Experiencing the lack of female power had made me angry even when I was still a student. My main interest became the phenomenon of male abuse of power; power as disinhibiting aphrodisiac, especially within the realm of sexuality. I did not resolve my anxiety about male sexual violence by joining the call by militant feminists to ‘cut off their balls’. I thought it was more directional and also more subversive to look ironically and in a cartoonish manner – akin to a guided laser – at the phallus in order to disarm it. The Exhibitionism series of objects thus became my first (but not last) body of work of art that rendered the male an object of sexual disrobement and denudation.
Where did you get your imagery from (what, if any, sources did you use)?
I developed a particular interest in the commodities acquired from sex shops because they mirror so obviously sexual desires, anxieties and aggression. I have bought many different objects from sex shops and they became again and again readymade parts of my artistic practice. Also, I am always looking out for curious objects and found in an art supply store white Styrofoam eggs, which to me were suggestive of testicles. Thus the working title for this, originally five-part, series was Hodenbewegung [Testicle Movement, a pun on ‘Frauenbewegung’ meaning Women’s Lib]. At first I didn’t care much for this title but a couple of years later my existence as a female artist allowed for a very fitting title indeed. In 1975 Valie Export organised the first women’s exhibition in the Viennese Galerie Nächst St Stephan, entitled Magna Feminismus: Art and Creativity. The erstwhile artistic director of the gallery, Oswald Oberhuber, rejected my series Hodenbewegung, which had been selected by Export, and wanted to cancel the show, arguing that he felt ‘exhibitioniert’ [exposed, put on display]. Thus, finally, I found a fitting title for my series of objects, namely Exhibitionism. Another work selected by Export was the object-collage with the title Le Charme indiscret de la bourgeoisie, which showed hairy female genitalia. This work did appeal to Oberhuber and thus found its way into the exhibition.

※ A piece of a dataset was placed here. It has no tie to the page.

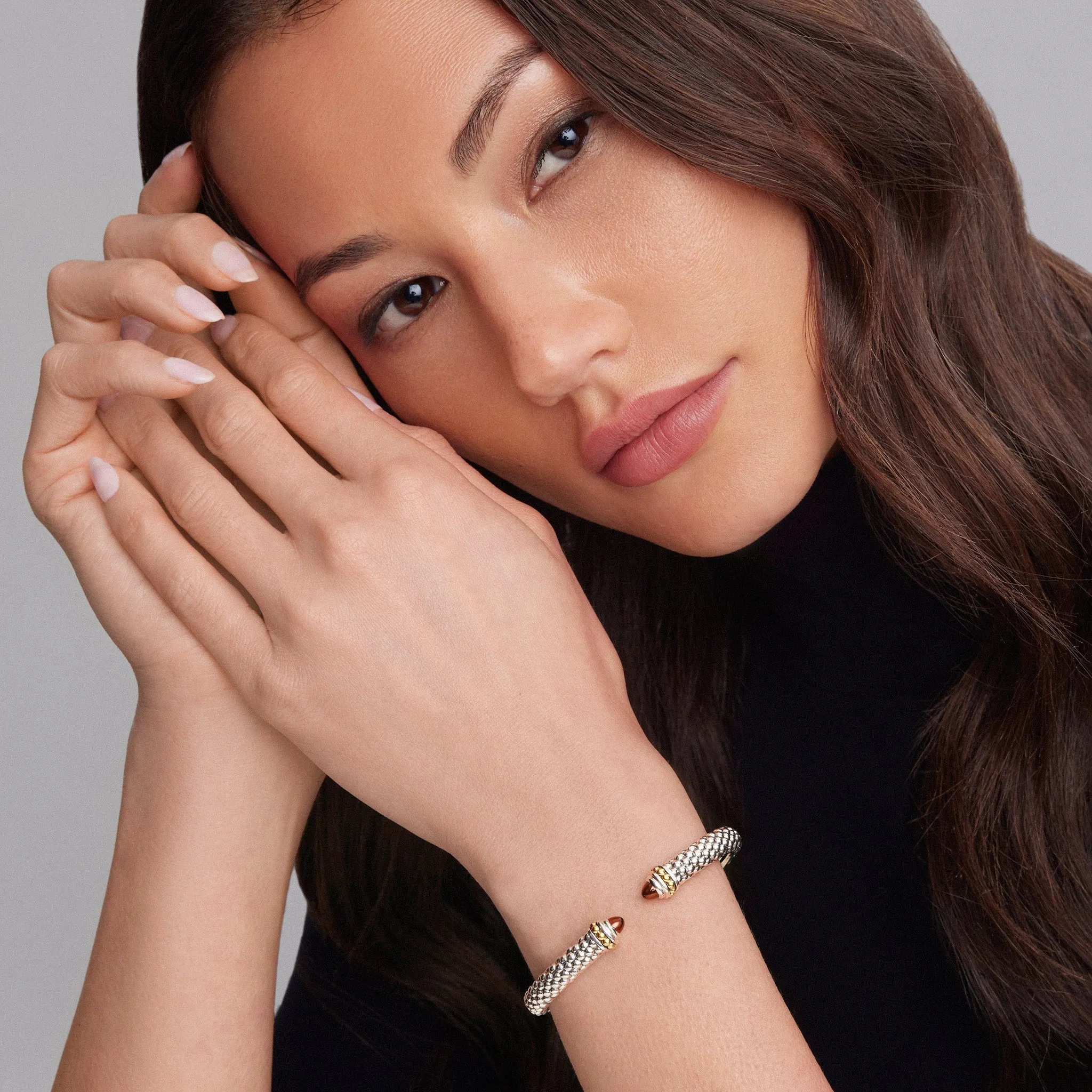 Rittenhouse Garnet Cuff Bracelet | 8mm sold by LAGOS product image thumbnail 2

Were you aware of pop art in other parts of the world?
I was aware of the American and British pop art of the period but because of them being male-dominated, they did not hold a lot of interest for me.
Was commercial art an influence on your work or the way in which it was made?

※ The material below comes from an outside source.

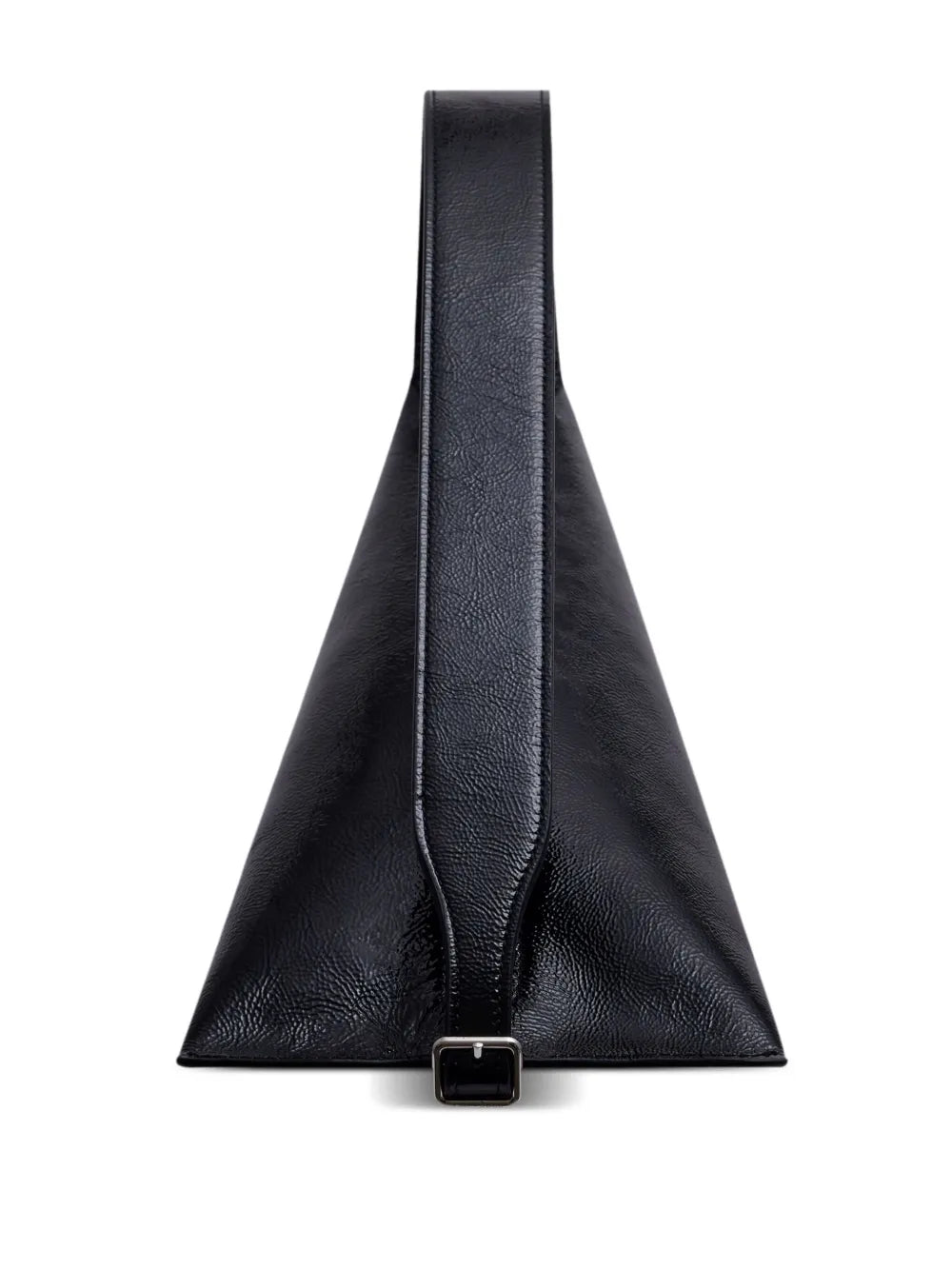 Courreges One Naplack Leather Shoulder Bag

I have used a diverse range of advertising prospectuses and shopping catalogues as major sources of inspiration – both in terms of their contents and for their layout. Their reduced formal language, their signalling effect of colours have often been very inspirational. Advertising texts have entered my work and I have varied the names of commodities or brands for the titles of my work.
Was there a feeling at the time that you doing something important and new, making a change…?
I have always thought of my artistic practice as serious, but important …? In retrospect it was obviously very important for myself to discover the creative potential of aggression within me. Not only men resented this but women, too. My radical and uncompromising artistic work embarrassed and appeared strange to both sexes. Perhaps it was novel for me to focus from the very start on investigating and developing a new image of the male by the female and did not restrict myself to developing a new image of the female by the female.
Was there an audience for the work at the time – and if so what was their reaction to it?
Valie Export had discovered two-year-old collages in my studio and she took to them in a big way. But she could not show them in her Magna Feminismus exhibition due to the incident described above. Because of that incident I lost any desire to offer these collages to anyone else. I sensed they were too forward, too provocative. Thus I stopped showing them to anybody or suggesting them for exhibitions, since my dogged interest in the male, phallic structure not only lead to repeated irritation and rejection by males but equally by feminist artists and critics. The latter two accused me of being fixated on the phallus, of being obscene and lacking engagement with femininity.
Looking back at these works, what you do think about them now?
Pornographic jokes have always been a male domain, made at the exclusive expense of women. I consider my series of objects an accomplished example of an obscene female joke. This joke has hit home; it targets the deadly serious, male sexual arrogance. My works could be created only because I was obviously able, despite my anxieties, to discuss sexuality and sexual repression simultaneously through desire and ironic distance.